F. C. : Pearse a été une figure profondément révérée dans les premières années de l’Etat irlandais et elle fut promue en tant qu’incarnation des espoirs et des idéaux de cette nation nouvellement née. Des politiques ont tenté de se présenter comme son successeur et son nom était fréquemment évoqué à la chambre du Dail afin d’ajouter une légitimité à une opinion particulière. Il est devenu de loin la figure la plus proéminente lors de la célébration du 50e anniversaire de la Révolte. Son profil d’icone, qu’il privilégia dès sa jeunesse du fait d’un très important strabisme, devint l’un des symboles les plus identifiables de la Révolte et sa réputation a éclipsé celle de la plupart des autres signataires de la Proclamation. Il fut en effet la voix qui réveilla la conscience irlandaise après l’engourdissement provoqué par la promesse d’un Home Rule.
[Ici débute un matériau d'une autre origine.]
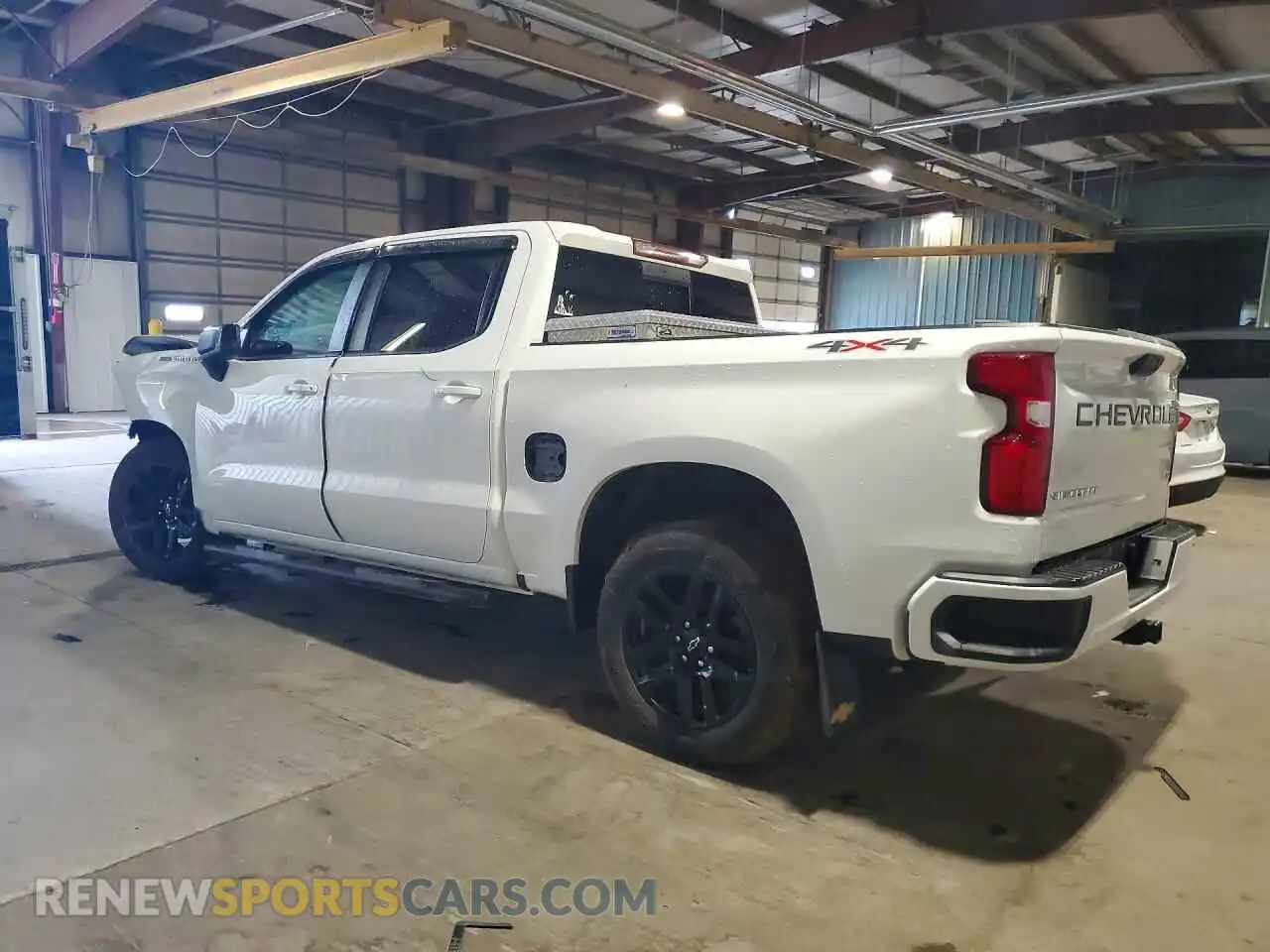 2 Photograph of a damaged car 3GCUDEET1NG588144 CHEVROLET SILVERADO 2022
Il a réussi à réunir les milices nationalistes et les milices ouvrières du Jaurès irlandais, Joseph Connolly : il est maintenant certain que le texte de la Proclamation de la République que Pearse lira sur les marches de la Grande Poste de Dublin a été composé de concert par les deux tribuns. Pearse devait posséder un charisme extraordinaire pour rallier un Connolly qui n’appréciait pas le sens du sacrifice sanglant du poète. Connolly deviendra plus jusqu’au-boutiste que Pearse, qui, dans un étrange mouvement de balancier, sera effrayé et écoeuré par tout ce sang civil versé.

Les détracteurs de « l’Archange de la République irlandaise », selon la belle formule de Pierre Joannon, lui ont reproché entre autres d’avoir déclenché une révolte à une période de l’histoire inappropriée, des milliers de soldats irlandais meurent dans la Somme au même moment, et surtout de ne l’avoir pas assez préparée. L’horreur des bombardements aveugles détruisant tous les immeubles sans épargner le moins du monde les civils de Dublin, trois mille morts écrasés entre les deux camps, lui fait signer l’acte de reddition ; De Valera, futur président de la République irlandaise, refusera de se rendre et ses hommes reprendront leur poste, avant de briser leurs armes ; Clarke, autre signataire était aussi partisan de la lutte à outrance : Pearse n’était pas le jusqu’au-boutiste fanatique que l’on a bien voulu faire croire.